The Food Industry Ministry, established around ten years ago, recognizes as much. But no one has felt it as intensely as the locals, who are counting the years of losses by the “envoys” (vessels that stocked up on the catch by the Gulf of Guacanayabo fleet in the high seas).

“People have been using these ships to leave the country. On top of that, other ships have broken down because of years of use, and fish aren’t as abundant as they once were,” claims a fisherman from the neighborhood of La Playa, the only truly coastal location in a town that, decades ago, decided to move inland, to avoid enduring the terrible consequences of the 1932 hurricane again.

This decision, however, did not quite manage to protect them from the onslaught of climate change, which has caused more regular floods and increased soil salinity, even in areas miles away from sea.

Devoid of any other options and facing a rather discouraging panorama for years, Santa Cruz del Sur has been witnessing a marked drop in population. This was confirmed by the last census, which described the municipality as the second locality with the highest population decrease in the country.

Today, its population has dropped below levels reported in 1976, when the current political and administrative divisions were established. At the time, the municipality had 47,400 inhabitants, nearly 2,000 more than those registered in 2014 (45,520). The population deficit becomes starker when we visit figures reported five years before (2009), when the area had 49,841 permanent residents, and even more so if we look at figures from the beginning of the decade, when the population was well above 50,000.

In other words, over the past ten years, Santa Cruz del Sur has lost nearly one tenth of its population, a “hemorrage” which, at the national level, would have represented a net population drop of more than one million Cubans.

The Dwindling Island

With the exception of some areas in Havana, where migratory regulation and resettlement policies are applied, we are dealing with rural areas that are severely affected by the dismantling of the sugar industry and the generalized crisis that agriculture is facing.

These problems are particularly pressing towards the island’s central region and mountainous areas, such as Manicaragua (Villa Clara). The most worrying aspect of this situation is that no plans beyond the so-called “service plans” for Cuba’s five eastern provinces or the still-theoretical local development policy (far less successful than what the media have been reporting) currently exist.

Time passes and “this is the life we got, so we’ve got to live it,” says Yunier, a street vendor living in La Yaba, in the outskirts of Camaguey.
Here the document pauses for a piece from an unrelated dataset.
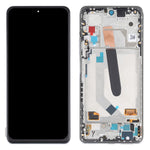 Grade C LCD Screen and Digitizer Assembly + Frame TFT Version (Without Logo) for Xiaomi Redmi K40/K40 Pro/K40 Pro+/Mi 11i/Poco F3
This neighborhood is the main destination for those leaving Santa Cruz del Sur, Najasa and other localities of this Cuban central province (incidentally the least populated places where the highest depopulation rates are reported).
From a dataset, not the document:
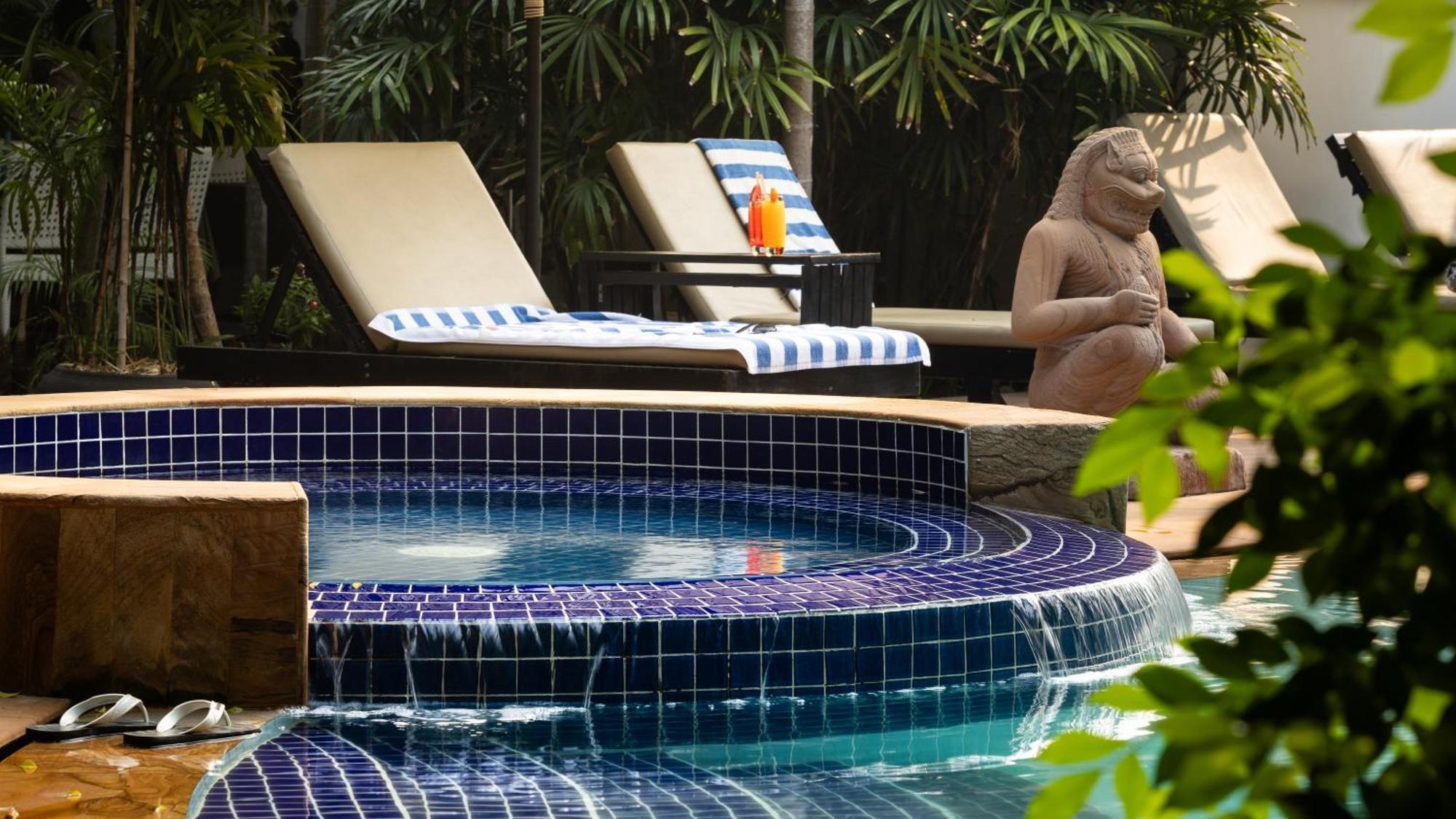 Pavillon Indochine Boutique - Hotel Siem Reap Luaran gambar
“I came down here to do military service and never went back. What would I have done back there, work the land for peanuts? I stayed in Camaguey and there isn’t a day I regret it. Santa Cruz hasn’t become a ghost town because people further east are “filling it up”. If it weren’t for that, there wouldn’t be anyone left there,” says Yunir, trying to justify his decision.

He needn’t do so. Like him, hundreds of other people are settling in the outskirts of Camaguey every year, sometimes without the most basic conditions and only the bare minimum to start anew. Even so, they claim, they are better there than the place they came from.

One thought on “Cuba’s Rural Municipalities: The Country’s Unwanted Children?

  • The great part about Havana Times is that it educated me about Cuba and life away from the tourist
    spots. Initially, after reading about the bed and breakfasts, disco’s, etc that gave entrepreneurs a
    chance to make it on their own, I believed Cuba was changing but this website enlightened me.
    A frequent commentator, who will remain anonymous, explained how where he lives, outside of major cities, it is sad, pathetic, poor and no way out of depression and sadness! We went back and forth, privately, and am now livid and disturbed at how Cuba really is. This story, by Daniel Valero, further educates me so thank you Mr. Valero and hopefully there will be a real change that will give the people of Cuba a bright future!